Her zeal and talent for technology were about to be unleashed.
“They told me they basically get paid to learn all of this tech, and I was like, ‘This is amazing, where do I sign up?’ So I signed up and got the job,” Zhou recalls, still sounding awed. Digital media interns work with the professional staff at Burke Library, headquarters for technology on campus.
Digital technology and modes of thinking are changing the world and Hamilton prepares its graduates to work effectively in this new environment. Digital leadership is a key priority of the College's Because Hamilton campaign.
Zhou loved that job. By her sophomore year she’d excelled as the intern in charge of 3D printing. More tech lay ahead for the inexhaustibly creative computer science major who minors in art.

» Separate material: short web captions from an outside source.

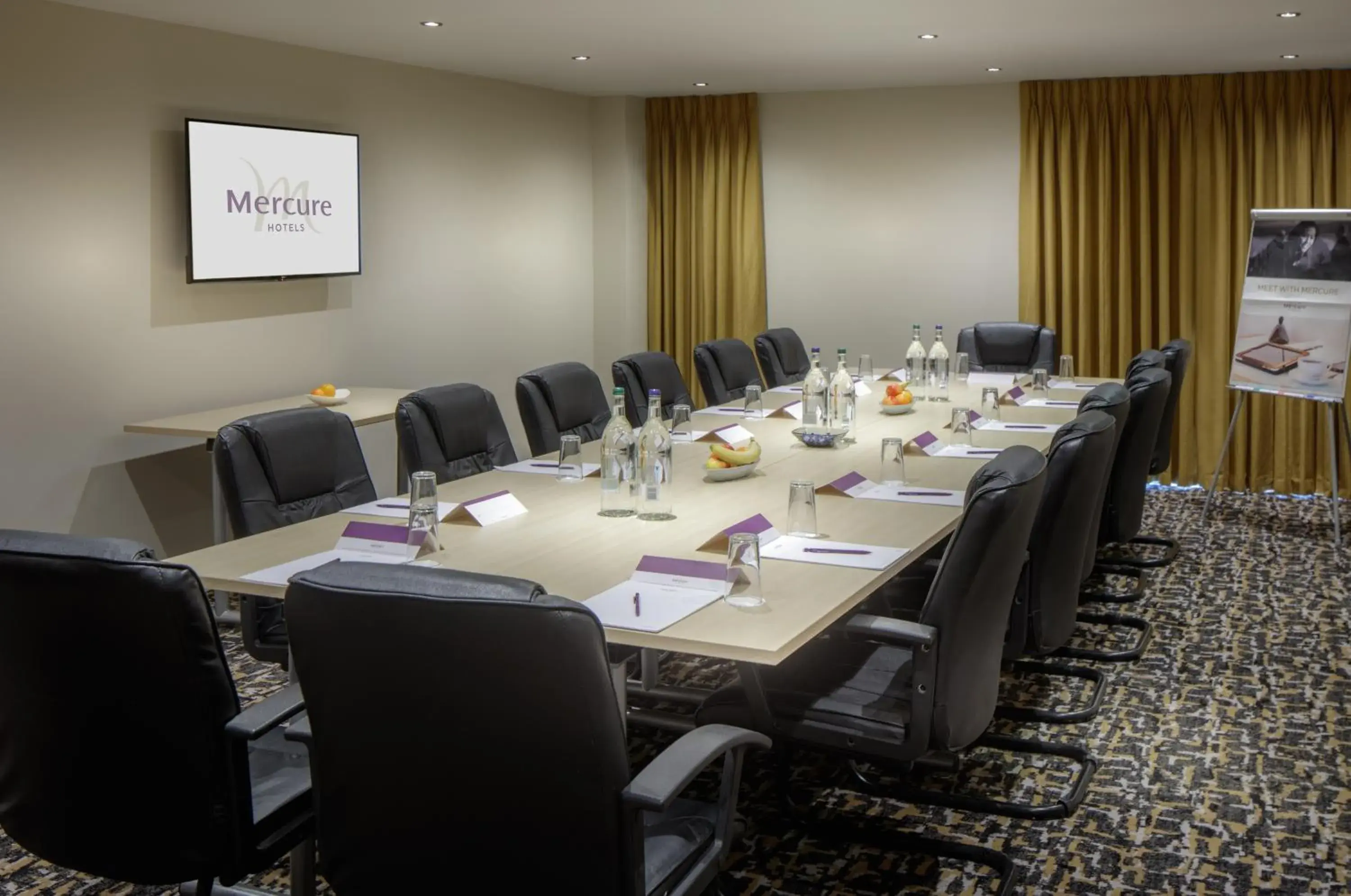 Meeting/conference room in Mercure Hatfield Oak Hotel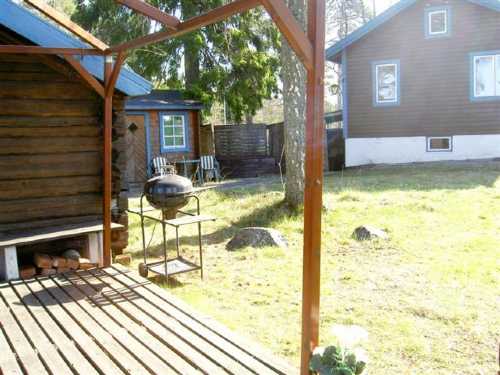 uteplats vid härbret/ terrace by the log cabin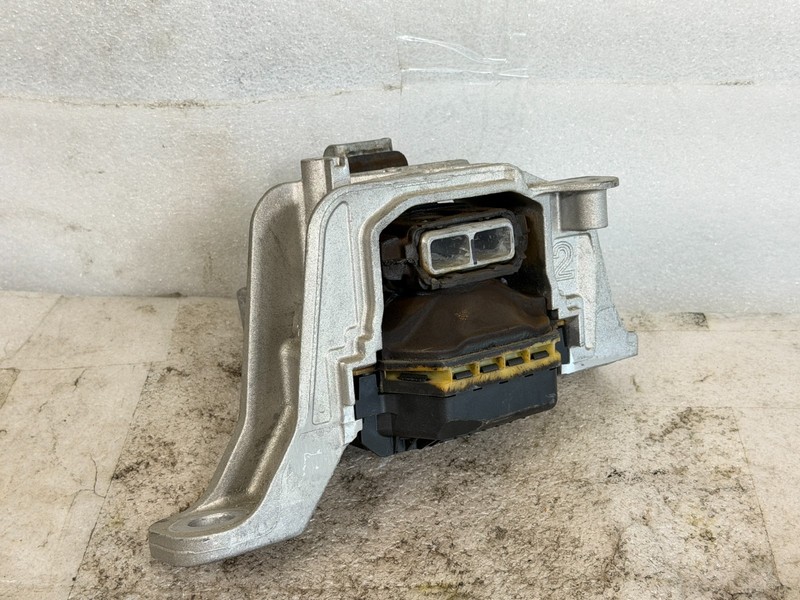 2021-2025 FORD BRONCO SPORT 4WD ENGINE RIGHT SIDE MOUNT SUPPORT BRACKET OEM 1.5l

As a junior, Zhou jumped on an offer to become a Hamilton instructional technology apprentice, and by the end of the yearlong experience she’d created a virtual reality project so promising she has hopes of fully developing it for a wide audience after she graduates. During the apprenticeship she worked with College educational technologists who collaborate with professors and students to foster new ways of teaching and learning.
To cap the experience, Zhou was required to develop a “passion project” that could be used in a classroom. Her inspiration was a “walk of privilege,” an exercise she’d done during training as a resident advisor. Participants stand side-by-side, and, when asked, step forward or back in response to prompts such as, “If you come from a single-parent household, take one step back” or “If one or both of your parents have a college degree, take one step forward.” The idea is to illustrate the impact of privilege.

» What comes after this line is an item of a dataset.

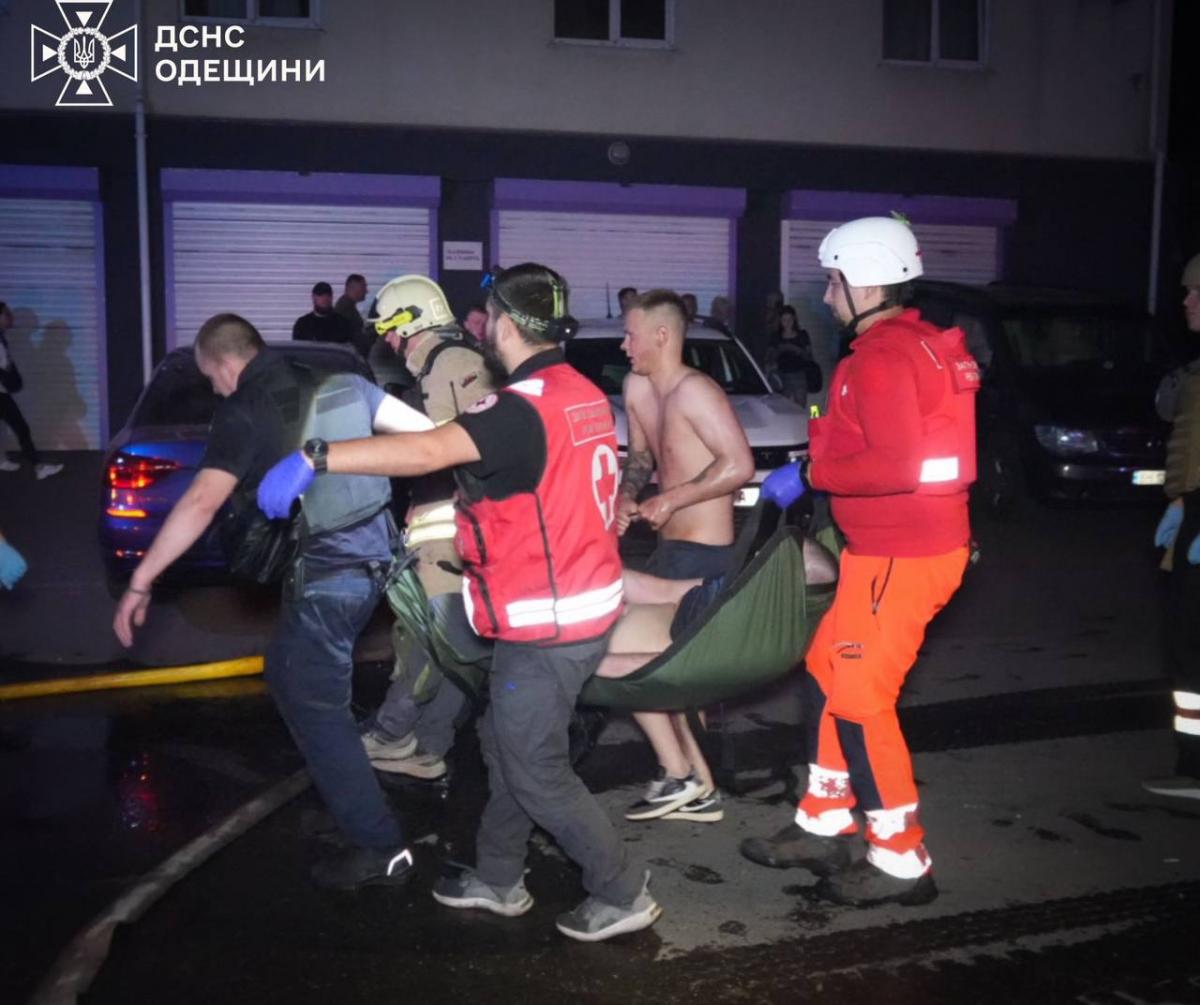 Удар дрона по 21-поверхівці в Одесі в ніч на 28 червня 2025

This design promotes self-reflection, while seeing where everyone else stands at the end promotes empathizing with others.
Remembering how moved she’d been to see RAs she knew standing far ahead or far behind her, Zhou realized that the powerful exercise was worth bringing to more students — in classrooms. She resolved to build a virtual reality “empathy walk.” First, however, she needed to learn the software Unity, a cross-platform gaming engine. Also, she needed responses from real people to use to place the avatars in her VR environment. Zhou surveyed 25 people of different ages, races, religions, and backgrounds to see how they responded to the prompts.

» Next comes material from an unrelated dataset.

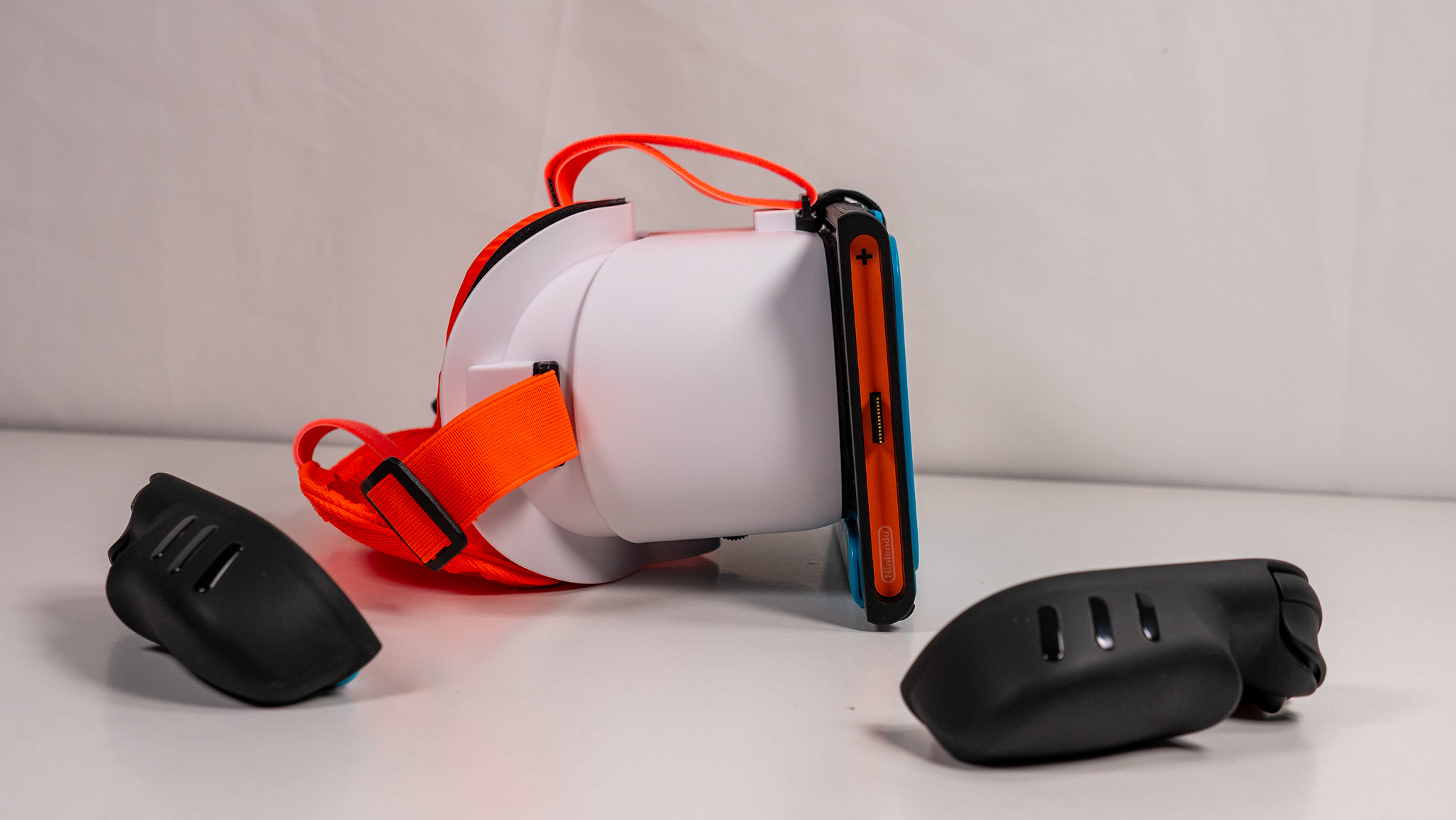 Ένα σετ μικροφώνου-ακουστικού STARTRC VR με τοποθετημένο Nintendo Switch 2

She created her “empathy walk,” which begins with the user standing in a gym with avatars who then disappear until the exercise ends. “The purpose is to focus on yourself and what you are doing rather than looking around to see the people who moved,” she explains. “This design promotes self-reflection, while seeing where everyone else stands at the end promotes empathizing with others.”
To fully put the user in that VR gym, Zhou incorporated Ambisonic sound, a 360-degree surround sound that indicates avatar movement. At the end of the walk, the avatars reappear, and the participant can scan the gym to check their locations.
Even in its current beta stage, Zhou’s project is amazing, says Hamilton Instructional Designer and 3D Technology Specialist Ben Salzman ’14, who recruited Zhou for the apprenticeship and became her mentor. With more work, he envisions the walk being of use in counseling centers as well as classrooms.
In Salzman’s estimation, Zhou will leave Hamilton equipped to enter a job in college instructional technology. Until the apprenticeship, she’d never used Unity. Now she’s skilled enough to help a literature professor explore a VR project with a class. The experience came through the Instructional Technology Apprenticeship Program, part of the New York Six liberal arts consortium of colleges, of which Hamilton is a member.
Zhou, now a senior working for Hamilton as an assistant web developer, is leaning toward web development as a career. Her dream job would combine art and technology. She’s ready for whatever. “Through comp sci and projects, I’ve developed my way of thinking, of step-by-step checkpoints to get to my end goal,” she says.